One of the earliest policy gradient methods for episodic tasks was REINFORCE, which presented an analytical expression for the gradient of the objective function and enabled learning with gradient-based optimization methods. The algorithm involved generating a complete episode and using the return (sum of rewards) obtained in calculating the gradient. However, the method suffers from high variance in the gradients, which results in slow unstable learning and a lot of frustration…

It was soon discovered that subtracting a ‘baseline’ from the return led to reduction in variance and allowed faster learning. Several such baselines were proposed, each with its own set of advantages and disadvantages. The easy way to go is scaling the returns using the mean and standard deviation. This technique, called whitening is often necessary for good optimization, especially in the deep learning setting.

However, more sophisticated baselines are possible. We could learn to predict the value of a state, i.e., the expected return from the state, along with learning the policy and then use this value as the baseline. Starting from the state, we could also make the agent greedy, by making it take only actions with maximum probability, and then use the resulting return as the baseline. This approach, called self-critic, was first proposed in Rennie et al.¹ and also shown to give good results in Kool et al.² Another promising direction is to grant the agent some special powers - the ability to play till the end of the game from the current state, go back to the state and play more games following alternative decision paths. The average of returns from these plays could serve as a baseline. This method, which we call the self-critic with sampled rollout, was described in Kool et al.³ The greedy rollout is actually just a special case of the sampled rollout if you consider only one sample being taken by always choosing the greedy action.

While most papers use these baselines in specific settings, we are interested in comparing their performance on the same task. This is what we will do in this blog by experimenting with the following baselines for REINFORCE:

  • Whitening the returns of the episodes
  • Learned value function
  • Self-critic with sampled rollout

We will go into detail for each of these methods later in the blog, but here is already a sneak peek of our models we test out.

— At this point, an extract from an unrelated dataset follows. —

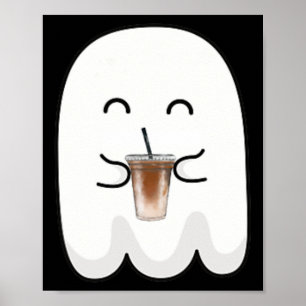 Affiche Saison éffrayante Cute Little Ghost Ice Coffee Hal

Visualization of the three methods. 1. Regular REINFORCE. 2.REINFORCE with learned baseline: an external function takes a state and outputs its value as the baseline. 3. REINFORCE with sampled baseline: the average return over a few samples is taken to serve as the baseline.

We focus on the speed of learning not only in terms of number of iterations taken for successful learning but also the number of interactions done with the environment to account for the hidden cost in obtaining the baseline. Also, while most comparative studies focus on deterministic environments, we go one step further and analyze the relative strengths of the methods as we add stochasticity to our environment.

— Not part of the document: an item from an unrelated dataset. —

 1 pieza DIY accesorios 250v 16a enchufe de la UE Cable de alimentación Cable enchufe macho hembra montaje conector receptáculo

The outline of the blog is as follows: we first describe the environment and the shared model architecture. Then we will show results for all different baselines on the deterministic environment. Finally, we will compare these models after adding more stochasticity to the environment.

Experimental setup

CartPole

The environment we focus on in this blog is the CartPole environment from OpenAI’s Gym toolkit, shown in the GIF below. The environment consists of an upright pendulum joint to a cart. This system is unstable, which causes the pendulum to fall over. The goal is to keep the pendulum upright by applying a force of -1 or +1 (left or right) to the cart. A reward of +1 is provided for every time step that the pole remains upright. The state is described by a vector of size 4, containing the position and velocity of the cart as well as the angle and velocity of the pole. The episode ends when the pendulum falls over or when 500 time steps have passed.

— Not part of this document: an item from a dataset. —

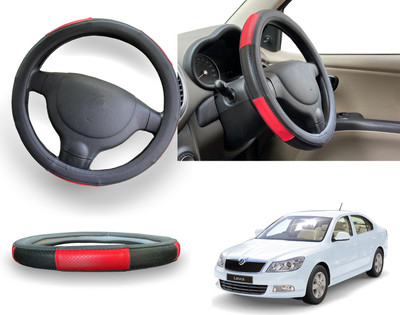 PEEPS STORE Steering Cover For Skoda Octavia(Red, Leatherite)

We work with this particular environment because it is easy to manipulate, analyze and fast to train. Also, it is a very classic example in reinforcement learning literature.

Illustration of CartPole. Actually one of our models is playing right now, which we will see later.

Model

We want to learn a policy, meaning we need to learn a function that maps states to a probability distribution over actions. In all our experiments, we use the same neural network architecture, to ensure a fair comparison. The network takes the state representation as input and has 3 hidden layers, all of them with a size of 128 neurons. We use ELU activation and layer normalization between the hidden layers. We output log probabilities of the actions by using the LogSoftmax as the final activation function.

Experiments

We optimize hyperparameters for the different approaches by running a grid search over the learning rate and approach-specific hyperparameters. We use same seeds for each gridsearch to ensure fair comparison. We always use the Adam optimizer (default settings). After hyperparameter tuning, we evaluate how fast each method learns a good policy. We compare the performance against:

  • number of update steps (1 iteration = 1 episode + gradient update step)
  • number interactions (1 interaction = 1 action taken in the environment)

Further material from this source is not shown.